The census was a snapshot of the nation but I doubt many people smiled for the photo. Every person in the country was made to do the same piece of homework on the same night. An impressive feat. Only statisticians could so comprehensively unite and annoy an entire nation.
It felt like I’ve answered most of those same questions plenty of times already since the last census. Doesn’t this information already exist? Doesn’t someone already have an evil supercomputer somewhere with all my details on tap? Or is that just Fly Buys?
A statistician would shake his head vigorously at this suggestion and mutter words like “methodology” and “limitations”. No, he would say, it’s more reliable to collect the information in a consistent manner.
He’d be right, of course, and I’d never dare argue with a statistician. A statistician can out-logic and out-bore me at every turn. It’s a good thing there are people who enjoy squinting at numbers all day so that people like me don’t have to.
2013 turns out to be International Year of Statistics, something I learned while browsing the admittedly excellent Statistics NZ website. I didn’t realise there were international years of anything apart from Chinese animals. But here we are, celebrating statistics for a whole year. Excited? I am.
A look at the United Nations list of international observances shows that 2013 is also International Year of Quinoa. That seems like a nice idea, I suppose. So it’s a big year for statistics and quinoa.
I’m not sure who makes these decisions but I’d like to suggest that next time we try for an International Year of Community.
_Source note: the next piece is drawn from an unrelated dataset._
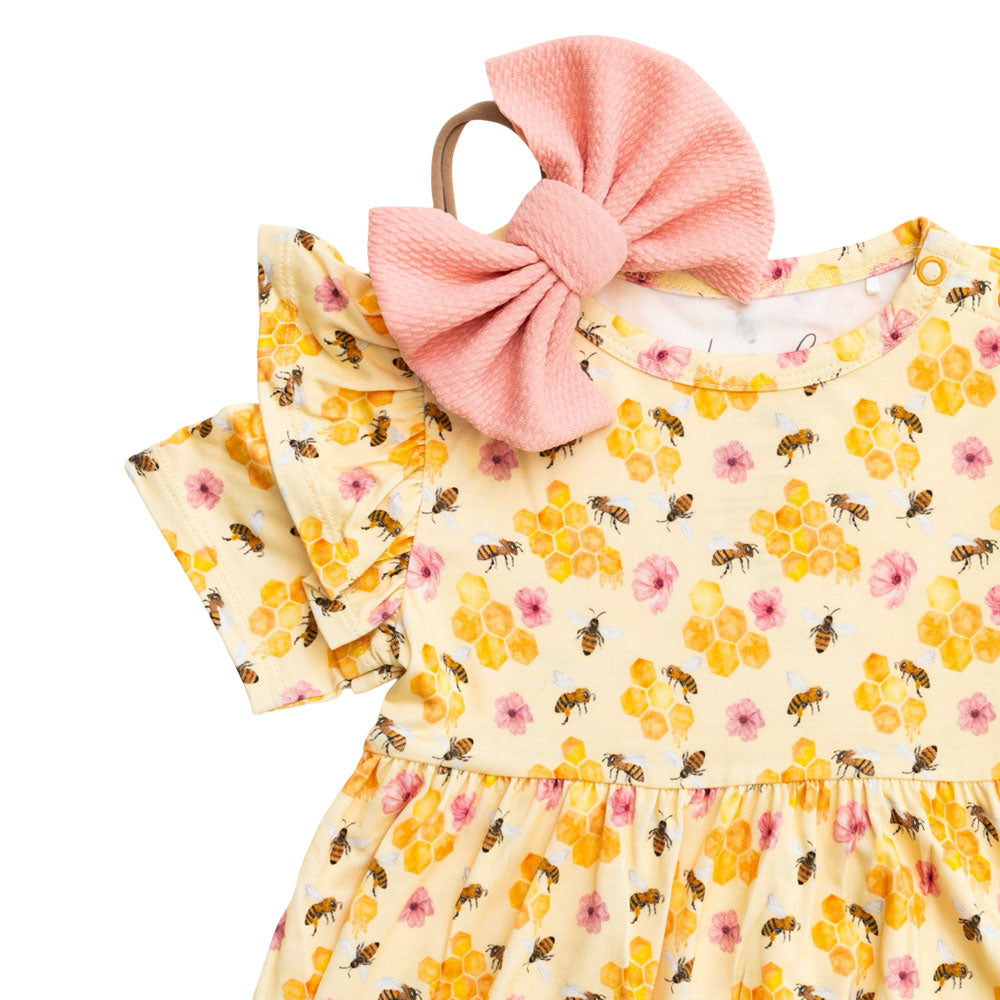 BellaGrace Bamboo Short Sleeve Tunic + Legging Set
The census will tell us who lives here but it can’t tell us much about how we actually live with each other. It can’t show that I used to spend Sundays helping to care for my grandfather before he passed away, or that the neighbours’ kids run freely through our back yard. It can’t capture the vibe at the farmers markets or the conversation between a couple of dog owners on the beach.
In this light, census results have very little to say about the community they are describing. I don’t want to be a dot on your spreadsheet, I’m a person.
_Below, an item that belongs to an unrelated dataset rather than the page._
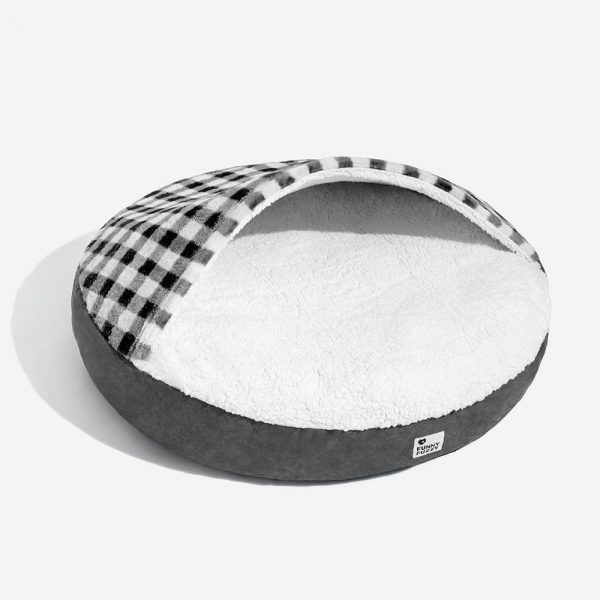 Round Canopy Dream Hideaway Dog Bed Pet Nest Bed - Image 15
Think about what happens when you get caught in a sudden downpour and you find yourself rushing across the road with a bunch of other people. Suddenly, total strangers are laughing together at their collective misfortune.
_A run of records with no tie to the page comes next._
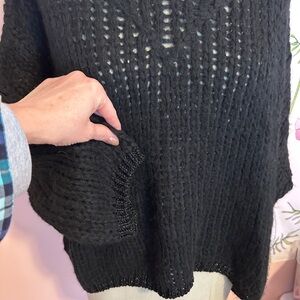Women's Black Sweater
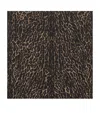 Saint Laurent Mohair-blend Leopard Print Square Scarf In Brown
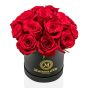 Black box 15 red roses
You can choose to focus on the obvious downside, which is that you’re soaked. On the upside you’ve just shared a community moment with people you otherwise would never have connected with. I give that a thumbs up. It’s real life. The most comprehensive spreadsheet in the world can never capture a genuine smile.
If you’ve ever seen a flash mob in action you’ll know they generate a collective community warm fuzzy. Spontaneous choreography in the streets! It’s not normal to see people dancing in the street but it sure is fun.
Whether it’s a strange piece of art or someone wearing a funny hat, I’m a fan of random things that make you go “huh?” That moment of confusion jolts your brain out of its otherwise predictable trajectory. How do we foster more of that anarchic good will? How do we allow more of that creative spirit to seep into our community environment?
The census operation was a $72 million master class in careful planning. Analysts and planners will no doubt “utilise the results to better facilitate future options for society”. (That’s how you have to talk if you’re in a government job.)
While we wait for other people to make our lives better, let’s find our own ways to encourage a creative and positive community. I don’t know where it starts but maybe it’s as simple as smiling at our neighbours a bit more.